It’s hard to slow 87-year-old Francis Wichman down. Born and raised on a Kansas farm without electricity or running water in his early years, Wichman learned as a young man that when something needs to get done, you just do it. His matter-of-fact approach hasn’t changed in the 31 years since his retirement as an automotive plant maintenance supervisor. Whether doing house repairs or yard work, or relaxing with woodwork, or fishing, Wichman is not one sit still.
A heart attack several years back, and a subsequent heart rhythm disorder, however, threatened to give him pause. For several years, Wichman struggled with atrial fibrillation, or afib, a condition causing an irregular and rapid heartbeat that often left him tired and without energy. Afib itself isn’t life-threatening, but if left untreated, can lead to complications such as blood clot, heart failure, or stroke. After several years and procedures, doctors eventually installed a pacemaker to keep Wichman’s heart in rhythm, and prescribed blood thinners to minimize his risk of stroke.
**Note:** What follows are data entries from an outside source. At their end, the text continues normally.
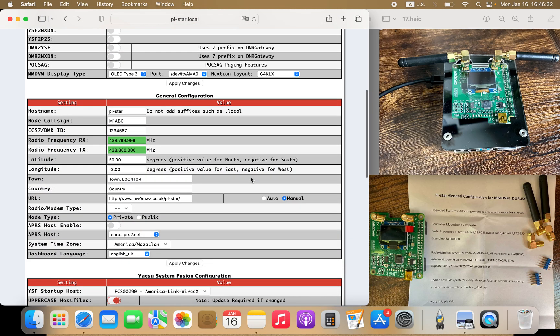The next step is general configuration. Just keep it as pi-star. If you change it, your address here changes as well.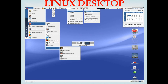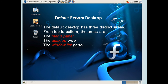This is how the Linux desktop looks when you install Linux. The default Fedora desktop has three distinct areas: the menu panel at the top, the desktop area in the middle, and the window list panel at the bottom.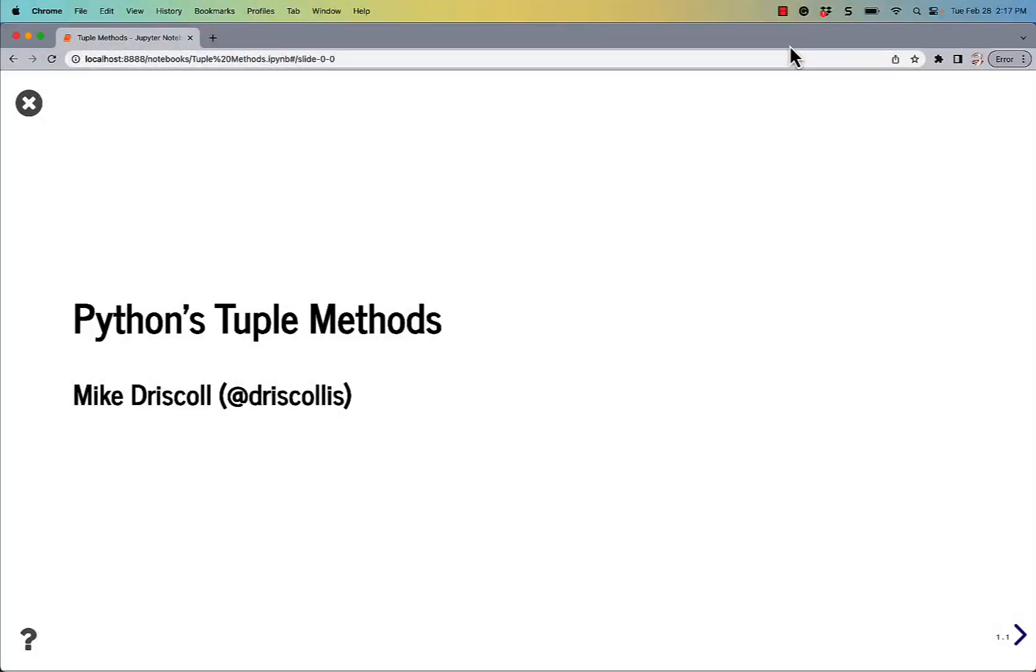Hello, my name is Mike Driscoll, and today I want to talk to you a little bit about Python's tuple methods.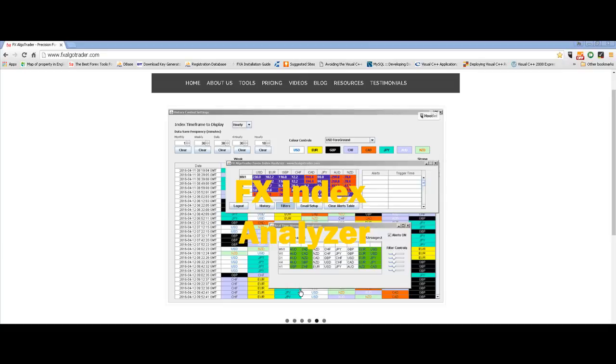Hi, welcome to fxalgotrader.com. We were formed in 2009 and we specialize in developing trading tools for the MetaTrader 4 trading platform.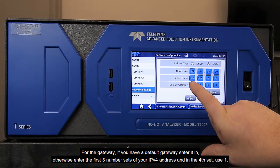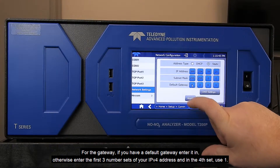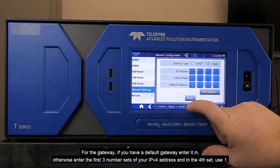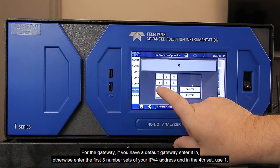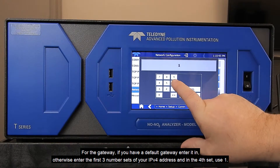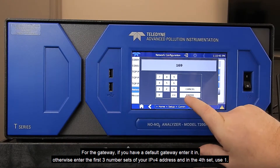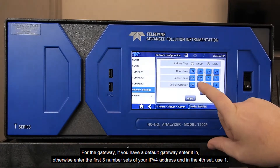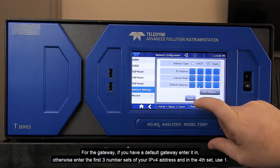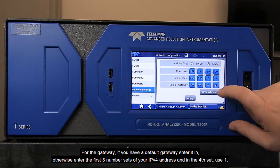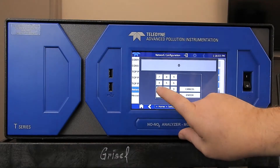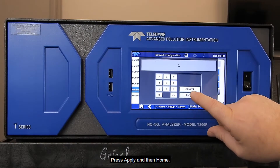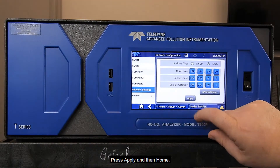For the gateway, if you have a default gateway, enter it in. Otherwise, enter the first three number sets of your IPv4 address and for the fourth set, use the number one. Press Apply and then Home.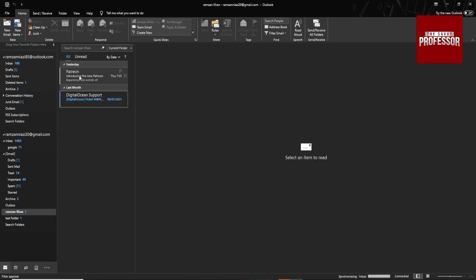It will add the email to this folder. If you find this video helpful, like my video, subscribe to my channel, and I will see you in the next video. Thank you.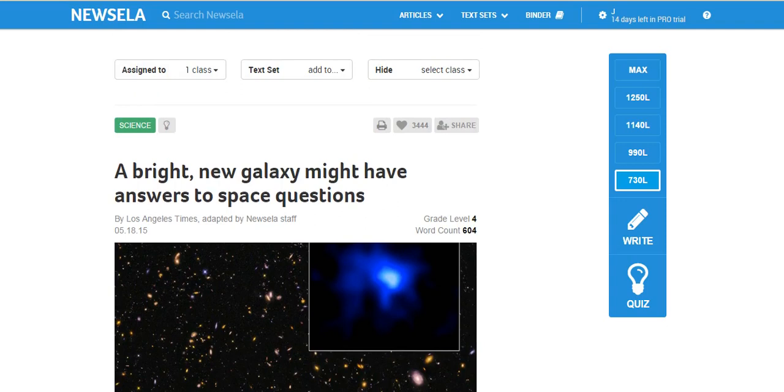So that's a very quick tutorial on how the student can access an article and use it, and how you as the teacher can go in and view the results.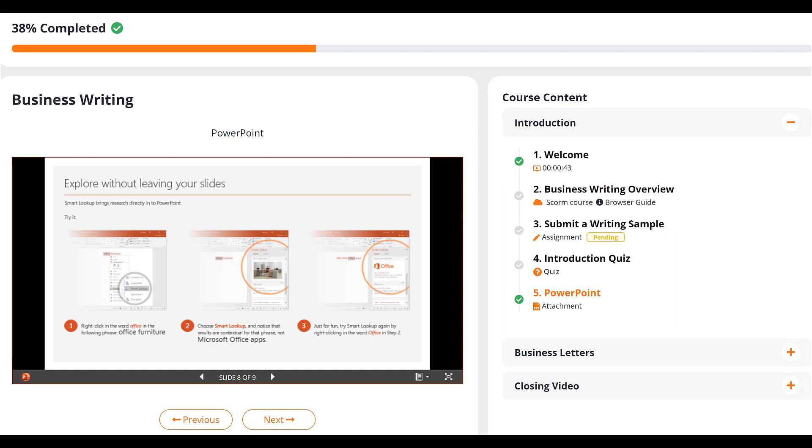In this video, we'll look at using PowerPoint presentations as lessons within your courses. LMS Portals provides native support for PowerPoint files, which enables you to repurpose any PowerPoint presentation for learning and training purposes.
Although effective at reducing the chance of stroke, blood thinners carry their own risks. Frequent bruising with even the slightest bumps is common, and more concerning is the risk of excessive bleeding from falls or other causes. This was a major worry for Wichman and his family, given his age and activity level.
In 2018, Wichman’s cardiologist referred him to board-certified electrophysiologist, Dhanunjaya Lakkireddy, MD, of the Kansas City Heart Rhythm Institute (KCHRI). A world-renowned arrhythmia educator researcher, Dr. Lakkireddy determined Wichman was a candidate for an innovative surgery called the Watchman Procedure, a surgery that can eliminate the need for blood thinners. During the Watchman procedure, a small implant is used to seal off the heart’s left atrial appendage—the area where blood can pool and clot—thus reducing the chances of stroke and allowing patients to stop taking blood thinners. On Aug. 22, 2018, Wichman became the first patient at KCHRI to undergo the procedure. A few short months later, he was back to his regular activities and even better, able to stop taking blood thinners for the first time in 15 years.
“This is a tremendous innovation that benefits patients like Francis, who are at risk for falls and the complications that can occur when they are taking blood thinners,” says Dr. Lakkireddy. “It keeps their risk of stroke lowered, without the side effects and risks of blood thinners.”